Roo Shattuck is just like any other little boy. He likes to play with trucks and jigsaw puzzles, he loves to eat plums. Sometimes, he also likes to wear tutus.

He’d never received anything more but well-intentioned questions about his outfits. Until vile comments from one “bad man” left him afraid to pull on his favourite skirt.

In a passionate Facebook post that’s been shared more than 48,000 times, Roo’s mother Jen Anderson Shattuck told of being approached by a man on her way to a local park, who rounded on three-and-a-half-year-old Roo.

“She shouldn’t keep doing this to you,” he said, according to Anderson Shattuck. “You’re a boy. She’s a bad mummy. It’s child abuse.”

Roo Shattuck. Image: Facebook.

The man then reportedly took photographs of the pair and threatened her, saying "now everyone will know".

"I called the police. They came, they took their report, they complimented the skirt," Anderson Shattuck wrote. "Still, my son does not feel safe today. He wants to know: 'Is the man coming back? The bad man? Is he going to shout more unkind things about my skirt? Is he going to take more pictures?'"

Anderson Shattuck admitted she couldn't honestly assure her boy that it would be the last time he would be confronted with such ignorance. But, she wrote, she could show him that angry strangers needn't change who he is.

"The world may not love my son for who he is, but I do. I was put on this earth to make sure he knows it.

"I will defend, shouting, his right to walk down the street in peace, wearing whatever items of clothing he wants to wear. I will show him, in whatever way I can, that I value the person he is, trust in his vision for himself, and support his choices - no matter what anybody else says, no matter who tries to stop him or how often."


The response to Anderson Shattuck's post has been immense and overwhelmingly supportive. It's so far attracted over 62,000 reactions, more than 48,000 shares and at least 90 comments from sympathetic Facebook users, many of whom were able to directly relate to her story.

"I also have a little boy who is the same way!" wrote one commenter. "People are always going to be ignorant and cruel, but you handled the situation with incredible restraint and dignity for his sake, and I say Bravo momma!!!

"You are a wonderful mother for recognising the qualities that make your boy who he is, and that you protect him from intolerance and hate. He will grow to be an outstanding man," wrote another.

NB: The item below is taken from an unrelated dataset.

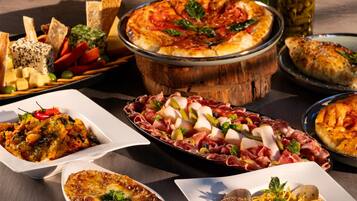 A variety of dishes including pizza, pasta, and cheese platters on a wooden table.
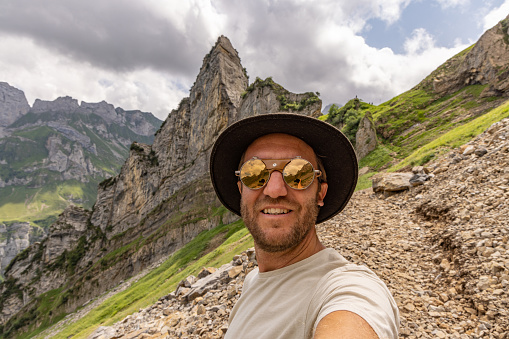 Taking selfies on vacation wile hiking in nature, Swiss Alps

And this from a supportive father: "If you find a purple (or whatever colour) tutu in my size, tell Roo I'm up for a walk anytime."

In a later post, Anderson Shattuck thanked the Facebook community for the support.

"Thank you, from the bottom of my heart, for your kindness (and for the many photos you have sent of your dress-, skirt-, and tutu-loving offspring, who are adorable.)," she wrote.

"Roo may not always want to dress this way, but we hope that he'll remember that, when he did, he was loved. We hope he'll know that no matter what other people thought or said in response, there was always peace and safety in our home."